WORK ITEM.
From the entries below, return exactly the lines beginning at the one that contains "john deere 300 loader parts diagram" and ending at the one that contains "Bolsa Blush Mocha na internet", both of them included, and only those lines.
*** Opening RECORDS FOR THE EXERCISE ***
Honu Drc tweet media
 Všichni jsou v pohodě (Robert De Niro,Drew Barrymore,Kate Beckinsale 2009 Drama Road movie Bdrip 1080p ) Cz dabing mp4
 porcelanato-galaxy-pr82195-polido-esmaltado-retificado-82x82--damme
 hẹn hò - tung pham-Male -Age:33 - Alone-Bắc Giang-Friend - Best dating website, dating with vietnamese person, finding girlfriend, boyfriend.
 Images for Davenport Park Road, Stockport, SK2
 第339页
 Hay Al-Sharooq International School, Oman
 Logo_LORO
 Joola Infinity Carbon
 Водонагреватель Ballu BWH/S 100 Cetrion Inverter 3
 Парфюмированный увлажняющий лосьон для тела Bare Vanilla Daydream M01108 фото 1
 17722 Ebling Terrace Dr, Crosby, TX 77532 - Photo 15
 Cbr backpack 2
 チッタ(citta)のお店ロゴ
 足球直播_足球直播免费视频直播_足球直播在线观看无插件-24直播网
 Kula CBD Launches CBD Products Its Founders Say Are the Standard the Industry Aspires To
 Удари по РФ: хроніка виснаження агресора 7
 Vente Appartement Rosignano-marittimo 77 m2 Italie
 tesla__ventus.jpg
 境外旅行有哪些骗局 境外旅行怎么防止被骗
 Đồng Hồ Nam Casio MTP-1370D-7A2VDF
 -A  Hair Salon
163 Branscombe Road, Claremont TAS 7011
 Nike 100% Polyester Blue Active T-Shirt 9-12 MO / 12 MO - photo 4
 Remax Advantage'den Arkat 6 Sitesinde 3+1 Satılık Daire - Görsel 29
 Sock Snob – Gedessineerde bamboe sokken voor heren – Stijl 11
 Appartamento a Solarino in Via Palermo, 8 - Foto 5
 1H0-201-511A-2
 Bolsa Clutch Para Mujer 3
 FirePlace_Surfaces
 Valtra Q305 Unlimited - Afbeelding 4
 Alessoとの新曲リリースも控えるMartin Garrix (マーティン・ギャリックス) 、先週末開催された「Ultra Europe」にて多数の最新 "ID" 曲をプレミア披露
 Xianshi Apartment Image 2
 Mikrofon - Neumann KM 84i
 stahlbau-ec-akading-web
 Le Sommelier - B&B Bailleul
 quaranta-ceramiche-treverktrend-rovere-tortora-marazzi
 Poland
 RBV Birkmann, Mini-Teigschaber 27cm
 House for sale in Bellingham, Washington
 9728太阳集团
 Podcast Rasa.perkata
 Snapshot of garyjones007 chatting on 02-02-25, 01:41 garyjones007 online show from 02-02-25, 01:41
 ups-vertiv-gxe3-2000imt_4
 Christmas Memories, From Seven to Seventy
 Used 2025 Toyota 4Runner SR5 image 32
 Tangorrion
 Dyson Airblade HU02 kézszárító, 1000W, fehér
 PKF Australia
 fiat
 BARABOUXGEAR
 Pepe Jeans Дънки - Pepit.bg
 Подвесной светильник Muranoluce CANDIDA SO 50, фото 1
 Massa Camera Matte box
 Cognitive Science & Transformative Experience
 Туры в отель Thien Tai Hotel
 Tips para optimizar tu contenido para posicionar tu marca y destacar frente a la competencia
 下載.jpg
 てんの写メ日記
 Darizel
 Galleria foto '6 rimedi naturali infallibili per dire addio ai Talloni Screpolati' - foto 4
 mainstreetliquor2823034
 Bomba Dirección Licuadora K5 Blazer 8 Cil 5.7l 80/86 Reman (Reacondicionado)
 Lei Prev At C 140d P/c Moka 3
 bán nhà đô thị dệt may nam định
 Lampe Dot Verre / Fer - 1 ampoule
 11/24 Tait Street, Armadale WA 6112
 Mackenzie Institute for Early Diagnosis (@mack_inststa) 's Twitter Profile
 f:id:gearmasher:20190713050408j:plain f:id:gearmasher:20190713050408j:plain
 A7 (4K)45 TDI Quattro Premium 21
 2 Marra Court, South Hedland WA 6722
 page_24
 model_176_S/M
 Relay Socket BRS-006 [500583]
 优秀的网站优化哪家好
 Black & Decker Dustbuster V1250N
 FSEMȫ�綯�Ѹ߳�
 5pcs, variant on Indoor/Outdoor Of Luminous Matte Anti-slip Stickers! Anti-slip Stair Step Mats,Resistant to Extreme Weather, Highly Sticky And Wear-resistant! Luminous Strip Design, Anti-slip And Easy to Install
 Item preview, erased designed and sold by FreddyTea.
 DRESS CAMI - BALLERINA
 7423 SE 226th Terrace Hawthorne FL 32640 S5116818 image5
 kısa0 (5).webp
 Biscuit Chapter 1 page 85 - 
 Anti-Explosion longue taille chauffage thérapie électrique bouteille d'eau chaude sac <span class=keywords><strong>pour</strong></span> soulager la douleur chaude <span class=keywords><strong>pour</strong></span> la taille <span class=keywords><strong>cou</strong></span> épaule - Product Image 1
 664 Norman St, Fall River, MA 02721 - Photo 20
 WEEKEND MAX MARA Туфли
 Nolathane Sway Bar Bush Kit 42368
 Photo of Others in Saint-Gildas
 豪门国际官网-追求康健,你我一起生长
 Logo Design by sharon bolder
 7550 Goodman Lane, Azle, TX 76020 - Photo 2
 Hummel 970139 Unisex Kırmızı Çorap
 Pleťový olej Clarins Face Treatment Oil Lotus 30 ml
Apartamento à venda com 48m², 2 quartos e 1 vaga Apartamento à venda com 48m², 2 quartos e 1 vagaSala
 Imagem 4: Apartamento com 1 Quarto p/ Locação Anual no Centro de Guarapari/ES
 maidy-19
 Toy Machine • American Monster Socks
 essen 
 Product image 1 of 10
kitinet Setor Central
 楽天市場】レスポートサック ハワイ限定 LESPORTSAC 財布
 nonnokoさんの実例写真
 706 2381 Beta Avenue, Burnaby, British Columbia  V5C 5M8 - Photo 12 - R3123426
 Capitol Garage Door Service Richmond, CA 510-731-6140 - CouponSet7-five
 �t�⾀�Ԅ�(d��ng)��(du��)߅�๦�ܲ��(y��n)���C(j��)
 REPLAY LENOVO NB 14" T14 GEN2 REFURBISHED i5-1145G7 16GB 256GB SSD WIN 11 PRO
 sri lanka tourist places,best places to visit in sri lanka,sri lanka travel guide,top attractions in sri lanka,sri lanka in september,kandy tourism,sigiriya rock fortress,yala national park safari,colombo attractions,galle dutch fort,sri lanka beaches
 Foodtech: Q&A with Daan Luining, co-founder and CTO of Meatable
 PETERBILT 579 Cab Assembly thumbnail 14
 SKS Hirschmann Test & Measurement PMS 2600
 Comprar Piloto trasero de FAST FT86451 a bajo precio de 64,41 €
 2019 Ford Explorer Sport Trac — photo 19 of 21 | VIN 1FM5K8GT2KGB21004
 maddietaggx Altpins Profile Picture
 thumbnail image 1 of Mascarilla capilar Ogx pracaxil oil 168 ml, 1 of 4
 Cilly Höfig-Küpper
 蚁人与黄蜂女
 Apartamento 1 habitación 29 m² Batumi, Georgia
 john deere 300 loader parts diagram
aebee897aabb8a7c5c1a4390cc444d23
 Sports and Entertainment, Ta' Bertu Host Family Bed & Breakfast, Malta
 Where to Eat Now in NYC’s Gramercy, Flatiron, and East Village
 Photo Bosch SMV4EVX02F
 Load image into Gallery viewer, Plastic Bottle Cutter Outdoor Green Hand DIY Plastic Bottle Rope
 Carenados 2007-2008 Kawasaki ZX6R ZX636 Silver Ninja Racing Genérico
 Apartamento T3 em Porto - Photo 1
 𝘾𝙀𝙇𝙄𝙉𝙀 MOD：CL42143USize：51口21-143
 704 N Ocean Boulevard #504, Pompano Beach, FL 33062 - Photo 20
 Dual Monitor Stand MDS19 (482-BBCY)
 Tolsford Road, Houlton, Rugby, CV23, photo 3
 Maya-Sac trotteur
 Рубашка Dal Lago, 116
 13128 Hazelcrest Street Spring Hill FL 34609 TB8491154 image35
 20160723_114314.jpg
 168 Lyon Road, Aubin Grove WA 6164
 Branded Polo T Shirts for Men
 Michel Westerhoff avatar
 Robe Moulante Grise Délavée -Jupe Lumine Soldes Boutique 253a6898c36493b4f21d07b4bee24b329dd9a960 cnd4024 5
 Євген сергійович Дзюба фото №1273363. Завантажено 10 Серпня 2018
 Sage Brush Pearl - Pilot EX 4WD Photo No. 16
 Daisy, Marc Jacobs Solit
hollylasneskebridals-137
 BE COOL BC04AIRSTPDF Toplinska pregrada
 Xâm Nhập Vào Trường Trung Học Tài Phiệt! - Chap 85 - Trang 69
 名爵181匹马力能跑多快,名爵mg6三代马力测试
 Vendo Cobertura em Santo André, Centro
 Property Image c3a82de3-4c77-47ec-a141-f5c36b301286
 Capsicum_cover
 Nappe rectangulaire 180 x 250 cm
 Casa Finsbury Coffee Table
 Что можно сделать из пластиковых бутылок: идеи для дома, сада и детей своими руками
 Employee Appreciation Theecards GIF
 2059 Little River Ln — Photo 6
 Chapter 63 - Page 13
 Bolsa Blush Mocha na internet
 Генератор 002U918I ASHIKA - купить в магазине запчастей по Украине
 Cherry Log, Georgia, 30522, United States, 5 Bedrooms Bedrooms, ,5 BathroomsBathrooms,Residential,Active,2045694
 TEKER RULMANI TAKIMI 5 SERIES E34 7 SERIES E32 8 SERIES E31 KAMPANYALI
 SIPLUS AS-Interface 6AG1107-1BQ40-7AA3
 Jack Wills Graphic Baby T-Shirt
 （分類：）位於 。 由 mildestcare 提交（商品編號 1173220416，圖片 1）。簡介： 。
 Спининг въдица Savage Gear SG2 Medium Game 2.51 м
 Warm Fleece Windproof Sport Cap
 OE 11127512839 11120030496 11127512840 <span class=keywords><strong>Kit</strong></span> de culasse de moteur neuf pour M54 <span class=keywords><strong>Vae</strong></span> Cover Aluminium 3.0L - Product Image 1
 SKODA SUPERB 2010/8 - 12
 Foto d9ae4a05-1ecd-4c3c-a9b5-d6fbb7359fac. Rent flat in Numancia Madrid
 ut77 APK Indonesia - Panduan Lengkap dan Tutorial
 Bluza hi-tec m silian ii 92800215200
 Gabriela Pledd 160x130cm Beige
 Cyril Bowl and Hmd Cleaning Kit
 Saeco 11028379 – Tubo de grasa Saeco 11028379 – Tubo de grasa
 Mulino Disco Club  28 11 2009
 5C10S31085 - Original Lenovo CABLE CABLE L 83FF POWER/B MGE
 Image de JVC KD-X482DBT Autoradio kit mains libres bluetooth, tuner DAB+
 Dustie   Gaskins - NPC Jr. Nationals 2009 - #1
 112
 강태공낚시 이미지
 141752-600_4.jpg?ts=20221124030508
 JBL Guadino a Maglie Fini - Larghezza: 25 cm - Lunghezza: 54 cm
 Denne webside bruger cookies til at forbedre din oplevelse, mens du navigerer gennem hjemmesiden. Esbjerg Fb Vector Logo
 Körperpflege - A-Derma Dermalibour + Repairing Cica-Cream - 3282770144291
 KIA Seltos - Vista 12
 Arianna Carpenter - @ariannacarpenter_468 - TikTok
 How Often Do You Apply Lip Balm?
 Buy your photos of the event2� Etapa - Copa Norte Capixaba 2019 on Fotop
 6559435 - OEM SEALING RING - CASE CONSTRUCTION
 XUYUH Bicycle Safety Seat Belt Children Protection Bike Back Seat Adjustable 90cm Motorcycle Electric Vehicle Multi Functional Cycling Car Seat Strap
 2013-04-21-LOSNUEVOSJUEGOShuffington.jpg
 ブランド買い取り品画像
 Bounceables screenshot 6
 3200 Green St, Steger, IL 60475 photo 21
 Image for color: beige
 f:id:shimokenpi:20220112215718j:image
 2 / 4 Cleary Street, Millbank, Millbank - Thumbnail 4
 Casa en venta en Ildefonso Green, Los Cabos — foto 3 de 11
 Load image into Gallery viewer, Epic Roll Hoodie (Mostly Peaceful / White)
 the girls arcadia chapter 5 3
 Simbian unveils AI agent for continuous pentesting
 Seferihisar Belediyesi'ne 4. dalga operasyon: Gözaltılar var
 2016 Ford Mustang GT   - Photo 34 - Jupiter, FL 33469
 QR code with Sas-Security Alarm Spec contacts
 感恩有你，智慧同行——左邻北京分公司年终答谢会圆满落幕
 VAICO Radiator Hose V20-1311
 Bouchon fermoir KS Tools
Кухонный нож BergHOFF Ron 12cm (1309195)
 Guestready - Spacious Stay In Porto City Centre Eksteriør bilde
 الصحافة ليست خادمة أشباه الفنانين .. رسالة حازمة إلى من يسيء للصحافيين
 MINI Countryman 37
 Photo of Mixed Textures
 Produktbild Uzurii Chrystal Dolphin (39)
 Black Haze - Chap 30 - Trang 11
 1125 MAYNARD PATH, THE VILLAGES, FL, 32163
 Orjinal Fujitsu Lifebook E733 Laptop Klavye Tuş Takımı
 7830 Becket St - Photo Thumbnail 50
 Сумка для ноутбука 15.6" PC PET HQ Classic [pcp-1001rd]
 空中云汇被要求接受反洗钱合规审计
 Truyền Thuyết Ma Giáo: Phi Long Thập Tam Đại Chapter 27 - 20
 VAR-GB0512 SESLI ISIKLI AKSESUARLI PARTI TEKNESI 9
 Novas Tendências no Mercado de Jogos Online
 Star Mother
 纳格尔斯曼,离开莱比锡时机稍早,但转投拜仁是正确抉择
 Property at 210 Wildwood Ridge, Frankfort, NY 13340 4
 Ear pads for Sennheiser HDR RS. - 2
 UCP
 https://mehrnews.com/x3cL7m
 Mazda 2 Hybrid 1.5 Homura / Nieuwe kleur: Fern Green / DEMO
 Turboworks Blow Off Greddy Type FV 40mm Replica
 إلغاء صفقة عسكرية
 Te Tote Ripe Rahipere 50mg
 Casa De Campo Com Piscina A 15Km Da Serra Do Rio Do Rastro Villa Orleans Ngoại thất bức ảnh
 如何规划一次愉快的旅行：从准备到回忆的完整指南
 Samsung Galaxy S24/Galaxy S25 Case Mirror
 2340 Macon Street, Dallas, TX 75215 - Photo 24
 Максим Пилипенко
*** Closing RECORDS FOR THE EXERCISE ***
OUTPUT BELOW.
 john deere 300 loader parts diagram
aebee897aabb8a7c5c1a4390cc444d23
 Sports and Entertainment, Ta' Bertu Host Family Bed & Breakfast, Malta
 Where to Eat Now in NYC’s Gramercy, Flatiron, and East Village
 Photo Bosch SMV4EVX02F
 Load image into Gallery viewer, Plastic Bottle Cutter Outdoor Green Hand DIY Plastic Bottle Rope
 Carenados 2007-2008 Kawasaki ZX6R ZX636 Silver Ninja Racing Genérico
 Apartamento T3 em Porto - Photo 1
 𝘾𝙀𝙇𝙄𝙉𝙀 MOD：CL42143USize：51口21-143
 704 N Ocean Boulevard #504, Pompano Beach, FL 33062 - Photo 20
 Dual Monitor Stand MDS19 (482-BBCY)
 Tolsford Road, Houlton, Rugby, CV23, photo 3
 Maya-Sac trotteur
 Рубашка Dal Lago, 116
 13128 Hazelcrest Street Spring Hill FL 34609 TB8491154 image35
 20160723_114314.jpg
 168 Lyon Road, Aubin Grove WA 6164
 Branded Polo T Shirts for Men
 Michel Westerhoff avatar
 Robe Moulante Grise Délavée -Jupe Lumine Soldes Boutique 253a6898c36493b4f21d07b4bee24b329dd9a960 cnd4024 5
 Євген сергійович Дзюба фото №1273363. Завантажено 10 Серпня 2018
 Sage Brush Pearl - Pilot EX 4WD Photo No. 16
 Daisy, Marc Jacobs Solit
hollylasneskebridals-137
 BE COOL BC04AIRSTPDF Toplinska pregrada
 Xâm Nhập Vào Trường Trung Học Tài Phiệt! - Chap 85 - Trang 69
 名爵181匹马力能跑多快,名爵mg6三代马力测试
 Vendo Cobertura em Santo André, Centro
 Property Image c3a82de3-4c77-47ec-a141-f5c36b301286
 Capsicum_cover
 Nappe rectangulaire 180 x 250 cm
 Casa Finsbury Coffee Table
 Что можно сделать из пластиковых бутылок: идеи для дома, сада и детей своими руками
 Employee Appreciation Theecards GIF
 2059 Little River Ln — Photo 6
 Chapter 63 - Page 13
 Bolsa Blush Mocha na internet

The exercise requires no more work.